The following function and commands will automatically download the latest release of LieACh (and LieART) and install it:

updateLieACh[] := Module[{json, entry, download, target},
  Check[json = Import["https://api.github.com/repos/jose-a-sa/LieACh/releases", "JSON"];
    entry = Last@SortBy[json, DateObject@*Lookup["published_at"]];
    download = Lookup[First@Lookup[entry, "assets"], "browser_download_url"];
    target = FileNameJoin[{CreateDirectory[], "LieACh.paclet"}];
    If[$Notebooks, PrintTemporary@Labeled[ProgressIndicator[Appearance -> "Necklace"], 
      "Downloading LieACh...", Right], Print["Downloading LieACh..."]];
    URLSave[download, target], Return[$Failed]
  ];
  If[FileExistsQ[target], PacletManager`PacletInstall[target, ForceVersionInstall->True], $Failed]
];
updateLieACh[]
Needs["LieACh`"]

Usage

While using functions in this extension we need to specify the algebra we are working with. We use the same definitions of Algebra and AlgebraClass in LieART. For example, A2 or equivalently Algebra[A][2] is the complexified $\mathfrak{su}(3)$.

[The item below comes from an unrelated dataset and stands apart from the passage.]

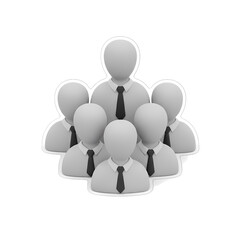 グレーの集団人物アイコン、チームワーク表現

There's no need to install or load LieART before using the package. When using in Mathematica

<< LieACh`

the package will check for LieART among the installed packages, and will load it if found. Otherwise, it will automatically be downloaded from the official website. Once LieART is imported, LieACh modifies some of the internal definitions of LieART to better work with the product algebras, product irreps and product weights.

Description

Many computations in the theoretical physics and field theory lead to large polynomial expressions that help count states and/or operators. These states/operators are organized into the character semisimple representations of a Lie algebra $\mathfrak{g}$, i.e. as a formal sum of irreps (irreducible representations). In terms of characters, this can be written as $$\chi(z_1, \dots, z_r) = \sum_{\lambda\in I} m_{\lambda} \chi_{\lambda}(z_1, \dots, z_r) ~~.$$ Here we define:

• $\chi$ the full character and $\chi_{\lambda}$ the character of an irrep $R_{\lambda}$
• $r = \mathrm{rank}(\mathfrak{g})$ as the rank of the Lie algebra
• $\lambda$ is the Dinkin label that represents the highest weight of the representation $R_{\lambda}$
• $m_{\lambda} \in \mathbb{Z}$ is the multiplicity of the irrep $R_{\lambda}$

This package allows to compute characters of irreps of Lie algebras using the WeightSystem function from the LieART package. Additionally, defines a weak ordering function to help sort dominant weights of irreps and obtain the highest weights in a expression. Finally, and more importantly, CharacterDecomposition[g][expr, {vars..}] produces an Association encoding key-value pairs of $(\lambda, m_\lambda)$ for a given character $\chi$ of any semisimple representation of the algebra g.

References

• Feger, R., Kephart, T. W., & Saskowski, R. J. (2019). LieART 2.0 -- A Mathematica Application for Lie Algebras and Representation Theory. ArXiv. https://doi.org/10.1016/j.cpc.2020.107490
• Fuchs Jürgen & Schweigert C. (1997). Symmetries lie algebras and representations : a graduate course for physicists. Cambridge University Press.